New Telegraph

Biafra Holocaust: Victims’ eternal wounds and pains

Biafra will never cease to excite passions, positive and negative. The positivity of the passion lies in its uncommon achievements that signposted infinite possibility. The defunct Republic of Biafra, a country hewn out of necessity comprised present nine states (Abia, Akwa Ibom, Anambra, Bayelsa, Cross River, Ebonyi, Enugu, Imo and Rivers States) straddling the Southsouth and Southeast geo-political zones of Nigeria.

It remains one of the few autochthonously created countries in Black Africa. Its short existence and its achievements in all areas of human endeavours busted the European-disingenuous myth of racial superiority. How? For 30 grueling months, this indigenously-created state was able to withstand the military and diplomatic assaults of two World Super-Powers (Britain and defunct Union of Soviet Socialist Republics (USSR) and other medium powers such as the defunct United Arab Republic (Egypt, Syria, Jordan, etc), Niger, Ethiopia, etc and still excelled in material and human production such as manufacture of weapons, petrol, construction, operation and maintenance of airports, etc and maintained an unbroken administrative and social services for that difficult period of its history.

The negativity of the passion lay in the feeling of revulsion in the staggering costs of human suffering, death and deprivations that accompanied its birth, the struggle to safeguard its existence and freedom. It was in the light of the foregoing; especially the negative aspect of that history that led one of the victims, Dr. Uju Anya, smarting from the eternal wounds and pains of Biafra War reacted to the transition period of the British monarch, Queen Elizabeth by wishing her “excruciating death.”
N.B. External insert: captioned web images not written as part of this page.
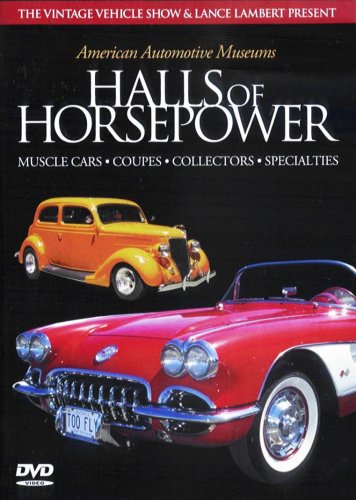 American Automotive Museums – Halls of Horsepower: Musle Cars / Coupes / Collectors / Specialties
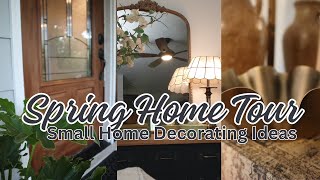 Spring 2024 Home Tour Before Summer Decorating Begins  Small House Decorating Ideas [upl. by Grindle]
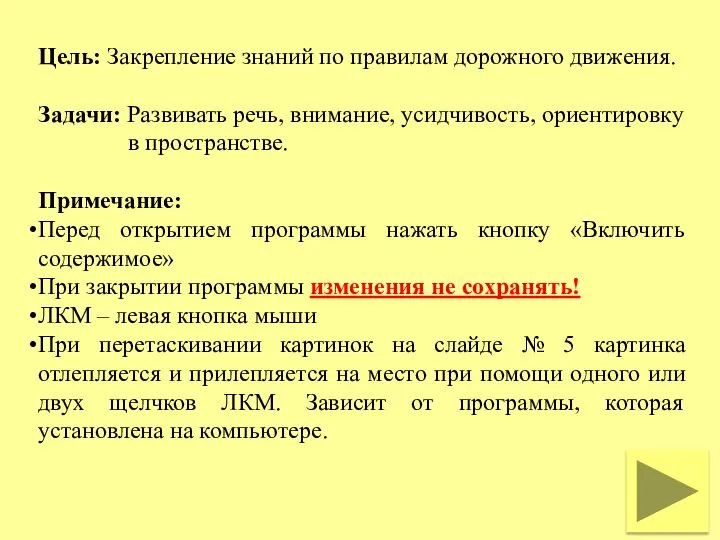 Цель: Закрепление знаний по правилам дорожного движения. Задачи: Развивать речь, внимание, усидчивость,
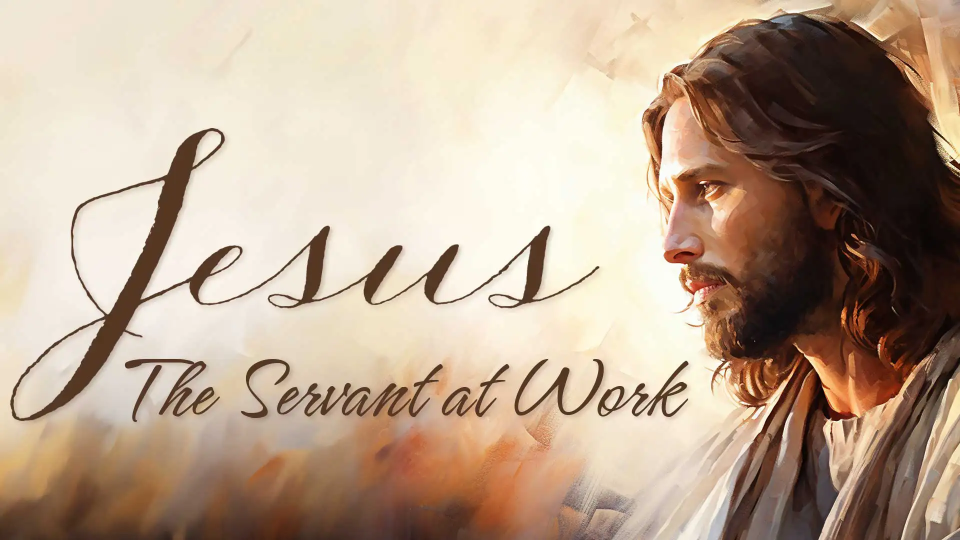 Jesus – The Servant at Work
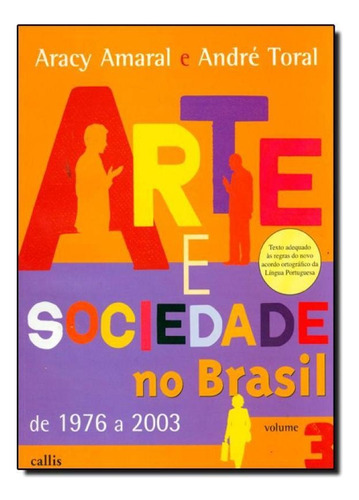 Arte E Sociedade No Brasil - Volume 3, De Cristina Von. Editora Callis Em Português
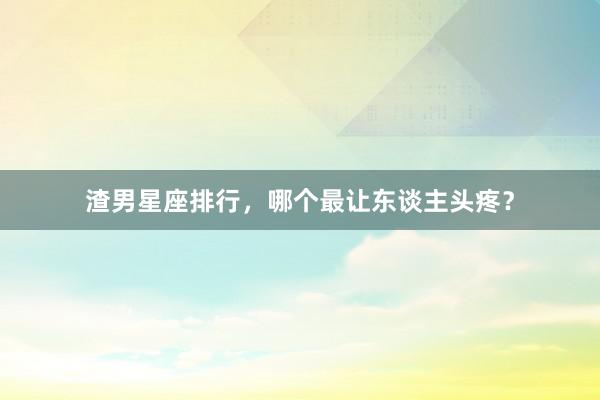 渣男星座排行，哪个最让东谈主头疼？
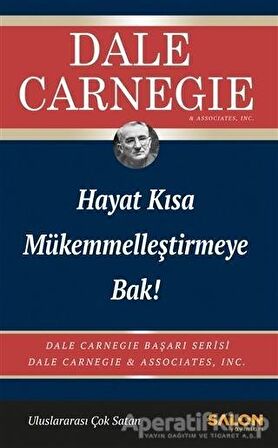 Hayat Kısa Mükemmelleştirmeye Bak!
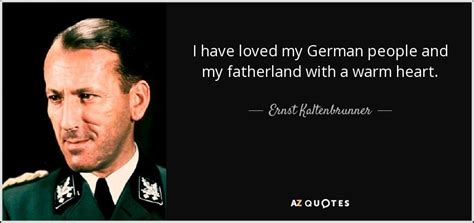 Ernst Kaltenbrunner Quote I Have Loved My German People And My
At the throes of death, Dr. Anya instead of the customary empathy with the sick or the dying and a wish of recovery actually prayed that Her Majesty be afflicted with the most painful death. That is quite audacious given the ruling world culture that enjoins us “not to speak ill of the dead.” This axiomatic cultural injunction perhaps, because of the cultural conditioning has had a benumbing effect on society to the extent that when a known felon bites the dust all his evils are forgiven and interred with him. And nobody calls out the dead on its past because it answers no more. But why the brouhaha of this innocuous tweet by a hitherto unknown teacher at one of American universities? One, as noted earlier, a break of cultural taboo reflectively attracts adverse reactions hence the mixed reactions that trailed Dr. Uju Anya’s tweet to the extent that her employer had to publicly disown her views on the dead monarch.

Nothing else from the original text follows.